- DATA SHOWN -
_ _ _ _ _ _ _

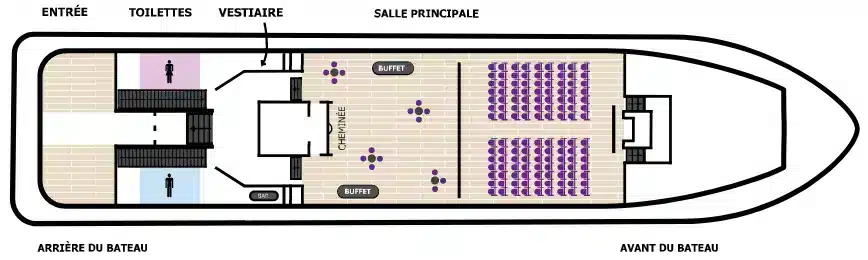 Aménagement du pont principal en conférence et cocktail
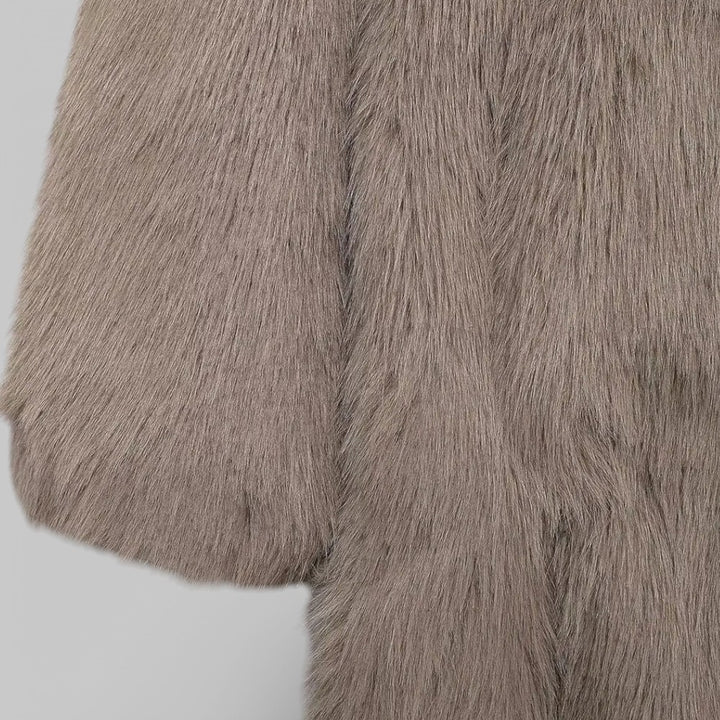 Women's Long Plush Faux Fur Coat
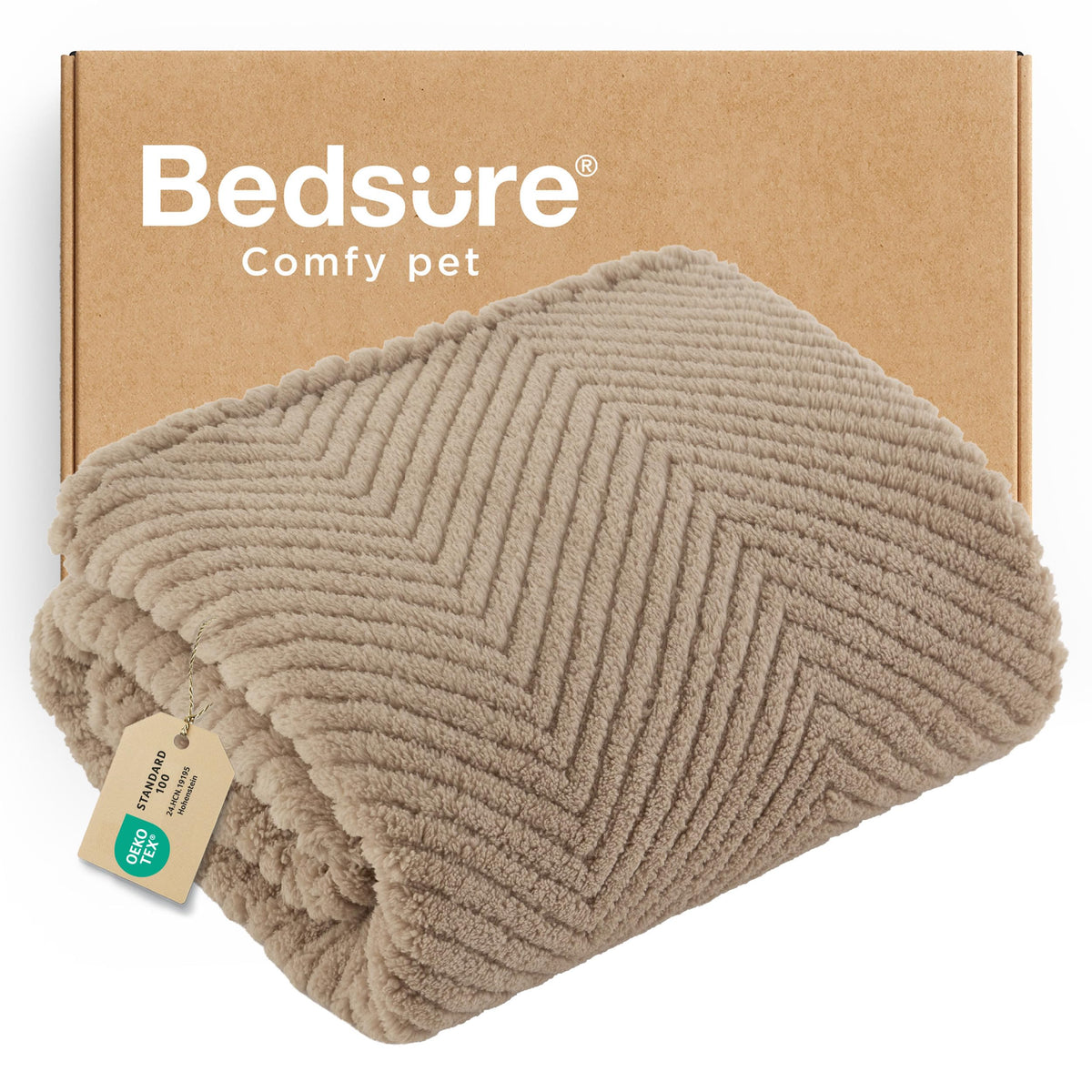 Bedsure couverture vue avant montrant douceur et style protecteur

_ _ _ _ _ _ _

- AIM OF THE TASK -
Down to the final line, restate the material above word for word, but omit its pictures.

- EXERCISE RESULT -
 Aménagement du pont principal en conférence et cocktail
 Women's Long Plush Faux Fur Coat
 Bedsure couverture vue avant montrant douceur et style protecteur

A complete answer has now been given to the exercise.